Laureen: I wanted to show you an example of the annotation techniques that we teach at CCO, and this is just one of them. First, you’re like, “OK, it’s highlighting.” But, basically it’s our mind and how we annotated our books and our key notes to help you really get to the bottom-line when you are trying to make a decision between choosing between two answers on the board exam question.
So, you can see all these ways to underline, bring things to your attention, key notes to write down. In addition, we take this information and we cross reference it into the main part of the manual to make it all flow and come together because what you are being tested on, regardless of which credential it’s for, if it’s involving ICD-10 you’re going to need to know your guidelines.
Alicia: All about the guidelines.
Laureen: So, this is made available to our students and Blitz costumers.
Alicia: Oh! There’s the HIV one.
Jo-Anne: This is awesome.
Boyd: She has a good handwriting.
Chandra: You want to know a secret? Well, not really a secret but a fun trivia fact about me? In college I had a professor that required us to handwrite a paper. He didn’t want it typed, he was old school, he didn’t want it typed. He wanted a handwritten paper. I turned in my handwritten paper, unlined paper the whole bit, he accused me of typing it. He thought it was some kind of funky font and I was trying to get away with them. I’m like, “That’s my handwriting!”
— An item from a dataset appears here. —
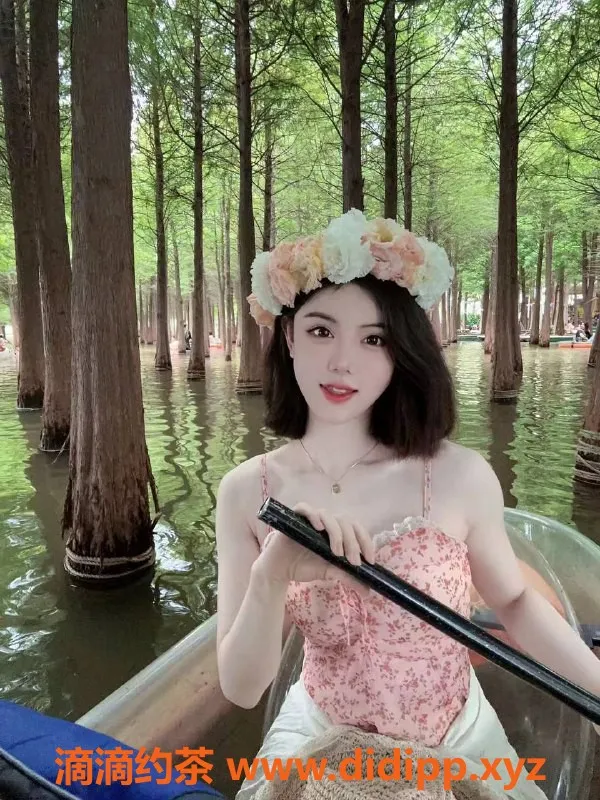 杭州楼凤资源信息,杭州小羊困了嘛 163cm娇小妹子陪伴服务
Boyd: What was that journaling technique that you taught me while you were here? What was that, that you do that looked so awesome?
Chandra: Oh, my bullet journal.
Boyd: Bullet journal, that’s a cool stuff.
Laureen: I was going to show on our website, we’ve got the BHAT®. This is our bubble, highlight, annotation technique page, so please come check it out. We even have an interview form for people to share their experience with this methodology. We’re really especially looking for old-timers that have been doing this since the beginning. I came up with this method back in 1999 for myself, started teaching it to my students in 2000.
This interview here is of my friend Barbara Chioppini; I call her Chippy for short. She was in one of my very first coding classes, and she really had a knack for it and basically I hired her to teach for my then company. And she has been doing the bubbling and highlighting of my CPT manual every year.
This interview goes into that, it’s really quite nice. We used to call it “bubbling and highlighting,” when Chandra came on board and she said “I kind of do something similar with ICD-10 but not so much with the bubbles.” We were like, “OK, what could we rename it to bring it in?” So, we brought the annotation word, and so Bubble, Highlight and Annotate technique because that’s where she’s really big with a lot of the notes. That’s where we have on the timeline.
Chandra expands the technique to include ICD-10 and have it trademarked now. Just check it out and tell us your BHAT® story. And, every two weeks we’re picking a winner and the winner can get a CCO mug, or a tote bag, or something cool like that. So share your story, a picture of your books bubbled, highlighted, annotated just to show it off; that will be really a lot of fun.
Alicia: Show them your mug.
Laureen: Oh, my mug. So, that, or you can get like a water cup.
Chandra: Somebody asked if the BHAT® technique can be used in manuals that are taken for exams? Absolutely, that’s really why we do it. Especially for the AAPC exams, the trick with the AAPC exams is that it has to be in your handwriting. The proctor, the coder guideline actually state your books cannot be disqualified for any handwriting contained therein, but you cannot insert, glue, staple, paste or tape anything. So you can’t print it out and put it on a sticker, it has to be…
Alicia: She said that a lot of times.
Chandra: I have said that more times that I cared to… That is a super common question, super common question.
Laureen: That being said, though, sometimes AHIMA does not allow it, right?
Chandra: It depends on your testing center. You have to call the testing center before you go sit to find out whether or not they will allow. It all depends on how that particular testing center is taken. I’ve heard horror stories from some people where they absolutely were not allowed to use the books, and the thing with AHIMA, you only get one shot. If you go in and you don’t have all your stuff together, you forfeit your exam and you forfeit your money, your $425 that you paid for that exam. I’ve had friends that they have hyphenated last names, but they never got it changed with the social security office. So, when they registered for the exam, they put their hyphenated last name, when they got there, their photo ID did not specifically match where they’re registered, they forfeited their $425, couldn’t test, had to sign up again. So it’s very important to pay attention to their rules and their guidelines when you’re signing up for these certification exams.
Alicia: Some people say that even with the AAPC’s, if you had notes written in your exam and the proctor told you, you could not use them. If that happens to you, then you’re entitled to say, “Please call the AAPC.” Most tests are on Saturday and they do have somebody standing-by to handle those questions. So, just advocate for yourself.